You might be concerned by the runtime overhead of using objects and method calls. Also, this implementation of physical references does not allow pattern-matching on the content of the references, which is sometimes useful. I’m going to describe another solution which addresses these issues.

Another solution

You might want to prepare a sick bag. If your initials are X.L., you’d better stop reading this post right now.

Ok, you have been warned.

The solution is based on the fact that the nice behavior of generic comparison/hashing functions on object values is driven by the GC tag for these values. For instance, the relevant piece of code for the comparison function is:

case Object_tag: {
      intnat oid1 = Oid_val(v1);
      intnat oid2 = Oid_val(v2);
      if (oid1 != oid2) return oid1 - oid2;
      break;
    }

Record types always have GC tag 0. What happens if create a record type, but force its values to have a GC tag set to Object_tag (=248)? Well, the comparison function will then believe these values are objects, and compare their unique ids. For objects, the id is stored in the second word (extracted by the Oid_val macro), so we need to arrange the layout of the record type to store such an id in the second word as well.

module PhysicalRef : sig
  type 'a t = private
        {
         mutable contents: 'a;
         id: int;
        }

  val create: 'a -> 'a t
  val set: 'a t -> 'a -> unit
  val get: 'a t -> 'a
end = struct
  type 'a t = {
      mutable contents: 'a;
      id: int;
     }

  let uid = ref 0
  let create x0 =
    let r = {contents = x0; id = (incr uid; !uid)} in
    Obj.(set_tag (repr r) object_tag);
    r

  let set r x = r.contents <- x
  let get r = r.contents
end

The private annotation ensures that values of type ‘a PhysicalRef are only created by the create function (or by the unmarshalling functions…). The generation of unique id is not thread safe. If this is a problem for you, you can replace (incr uid; !uid) with (Oo.id (object end)). Who said objects were not useful in OCaml?

Notice the use of the unsafe Obj module.

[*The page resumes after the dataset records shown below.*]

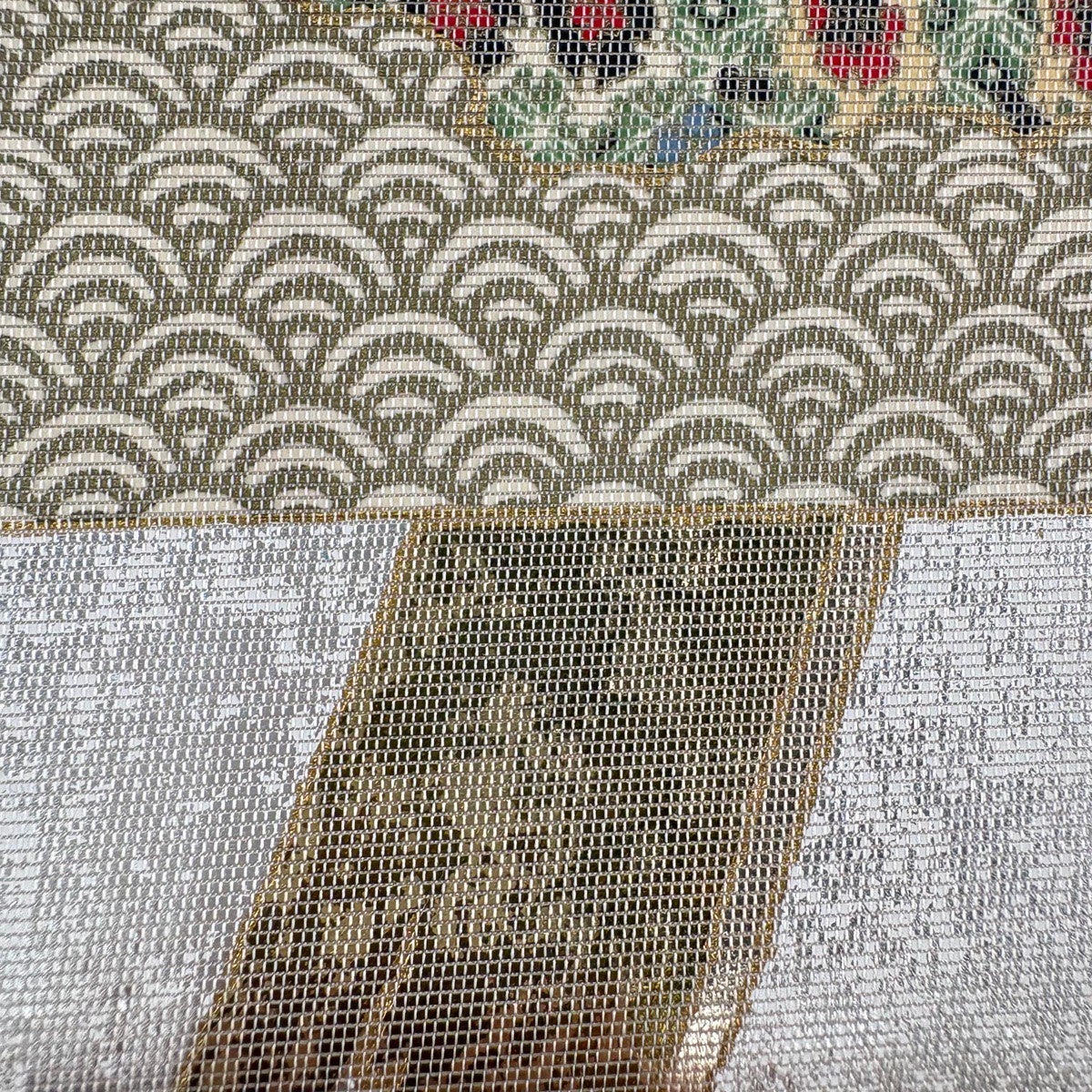 50%OFF 袋帯 秀品 草花 青海波 螺鈿 箔 灰白 お太鼓柄 正絹 K50｜中古
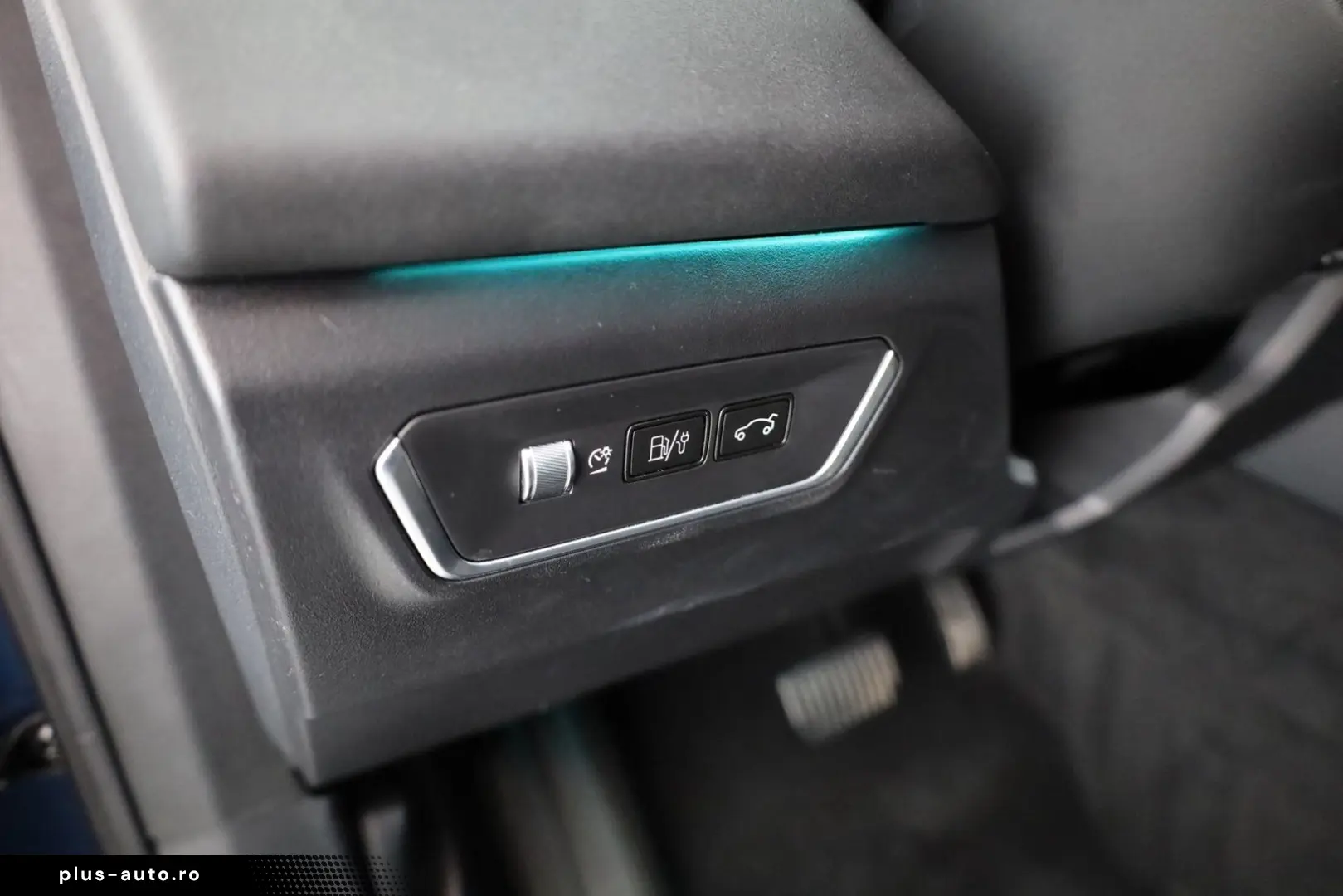 LYNC AND CO 01 1.5 TD PHEV Aut. LED ACC 360  Pano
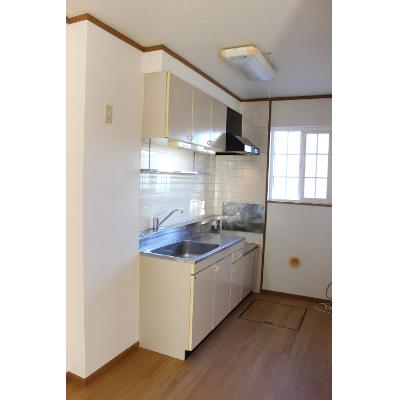 シャルム８９ 102【管理NO：1-007678401-01020】 ★家具家電は申し込み後に搬入します★ ★2026年10月中旬入居可能★の物件写真3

I’m not aware of any collateral damage of using this trick with the GC tag; the comparison and hashing function behave as expected, and pattern matching/field access don’t look at the GC tag for records. But I want to stress that this solution relies on unspecified behaviors of the language, and that it can easily break in a future version of OCaml. Or maybe it’s already broken. Again, you have been warned!

Other uses of the trick

In the section above, we have seen how to fooling the generic comparison/hash functions by setting the GC tag of record values to Object_tag and managing a (unique) identifier in the second word of the records. We can use the same trick to achieve other effects than references with physical identity.

Hiding parts of data structures to the generic functions Imagine you have a complex data structure, for which the generic functions are just fine. Now you add some kind of extra data which should not participate to the generic comparison/hashing. This can be achieved by wrapping this extra data in a record to which the GC tag trick is applied (using an id of fixed value, say 0, in the second field).

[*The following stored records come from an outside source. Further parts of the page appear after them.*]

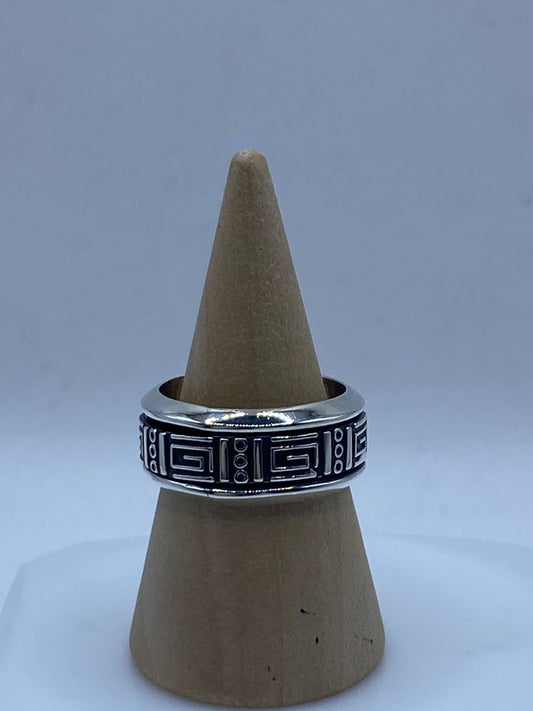 Anillo Giratorio de Plata 925 con Greca Geométrica, vista frontal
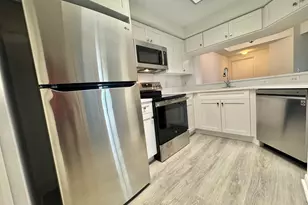 2725 Anzio Ct, Palm Beach Gardens, FL 33410 - Photo 11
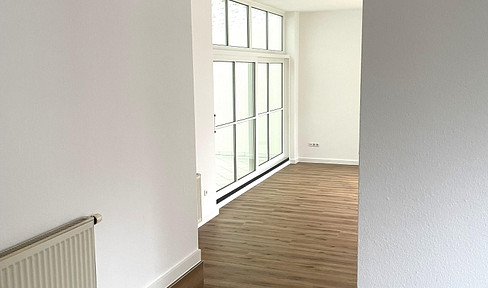 Bright and friendly raised first floor apartment with conservatory and fitted kitchen in a sought-after location in Dreieich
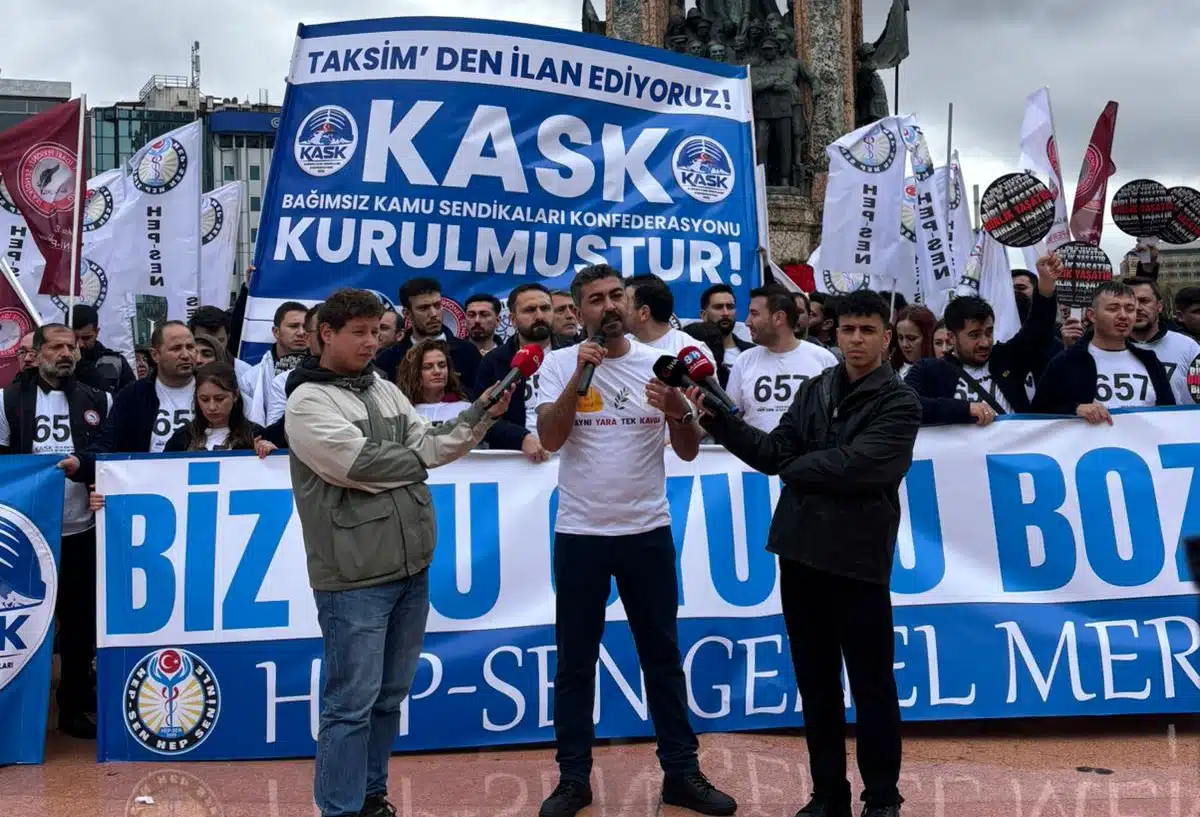 HEP-SEN’den 1 Mayıs’ta Tarihi Adım: KASK Konfederasyonu Taksim’de İlan Edildi! (resim 4) – saglikhaberi.net HEP-SEN’den 1 Mayıs’ta Tarihi Adım: KASK Konfederasyonu Taksim’de İlan Edildi! (resim 3) – saglikhaberi.net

Hash-consing Hash-consing is a technique to improve sharing by making structurally equal values physical equal. With the GC tag trick, it is possible to let the system know about this fact, so that generic comparison behave efficiently on hash-consed values. Here is an implementation of a hash-consing functor that uses this trick.

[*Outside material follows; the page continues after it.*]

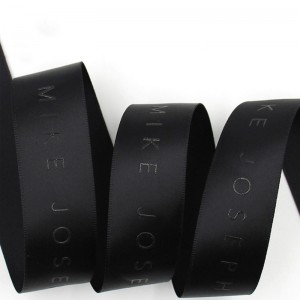 προσαρμοσμένο πολύχρωμο λογότυπο εκτύπωσης ανάγλυφο αλουμινόχαρτο τυπωμένο μαύρο σατέν κορδέλα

module HashCons(X : Hashtbl.HashedType) : sig
  type t = private
        {
         contents: X.t;
         uid: int;
        }
  val make: X.t -> t
end = struct
  type t =
      {
       contents: X.t;
       uid: int;
      }
  type s = t

  module W = Weak.Make(struct
    type t = s
    let equal r1 r2 = X.equal r1.contents r2.contents
    let hash r = X.hash r.contents
  end)

  let memo = W.create 256

  let uid = ref 0

  let make x =
    let r = {contents = x; uid = !uid} in
    let r2 = W.merge memo r in
    if r == r2 then begin
      incr uid;
      Obj.(set_tag (repr r) object_tag);
    end;
    r2
end

Thanks to the GC tag trick, one can use generic comparison/hashing on hash-consed values even if the underlyings values themselves don’t support these operations (the contents field is just ignored by these operations).